Overview/Goal
This project focuses on predicting apartment prices and visualizing data related to apartment listings. It combines various datasets to create predictive models and interactive visualizations using geographic and demographic information. Models tested include custom random forest, XGBoost, and H2O autoML. The final dashboard is built in JavaScript using D3.js.
Data Sources
- Apt Listing Data: UCI Apartment Listing Dataset
- GIS Zip Data: ArcGIS Zip Data
- IRS Zip Data: IRS Individual Income Tax Statistics
- USA GeoJSON Data: US GeoJSON Data
- US States GeoJSON Data: State-zip-code-GeoJSON
Key Files
- dataJoining.py: Joins datasets, generates zip codes, and integrates IRS data.
- dataFeatureEng.py: Cleans data and creates dummy variables for analysis.
- modelCreation.ipynb: Builds predictive models including random forest and XGBoost.

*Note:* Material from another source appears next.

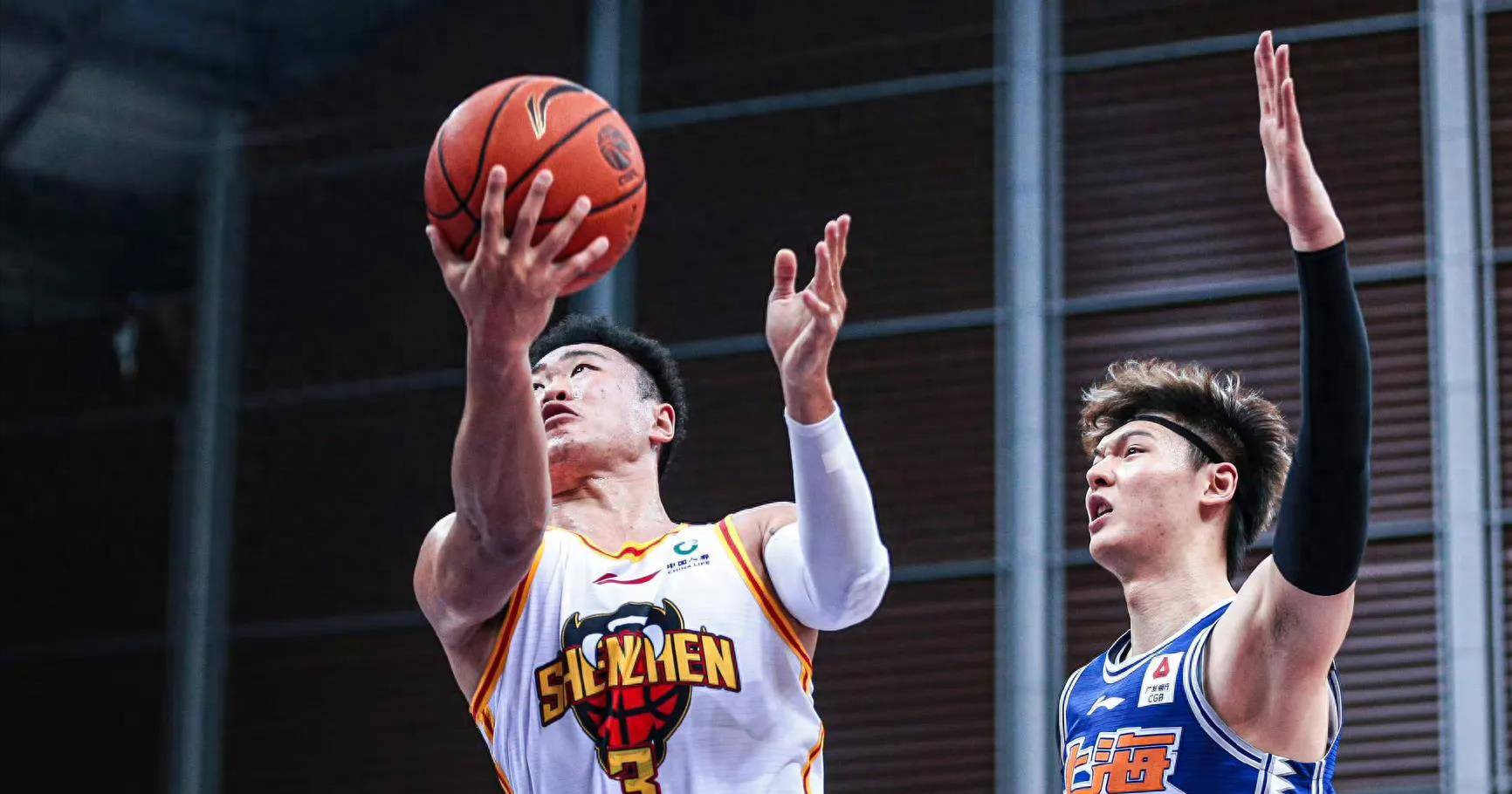 广东队力克福建队,王哲林统治全场 广东队力克福建队,王哲林统治全场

- aptVis.html: Interactive visualization tool using D3.js for predicting apartment prices.
How to Use
- Clone the repository and set up the required dependencies.
- Run
dataJoining.py
to combine datasets and generate zip codes. - Execute
dataFeatureEng.py
to clean data and create dummy variables. - Open and run
modelCreation.ipynb
to build predictive models and save predicted prices. - Launch
aptVis.html
in a web browser to interact with the visualization tool.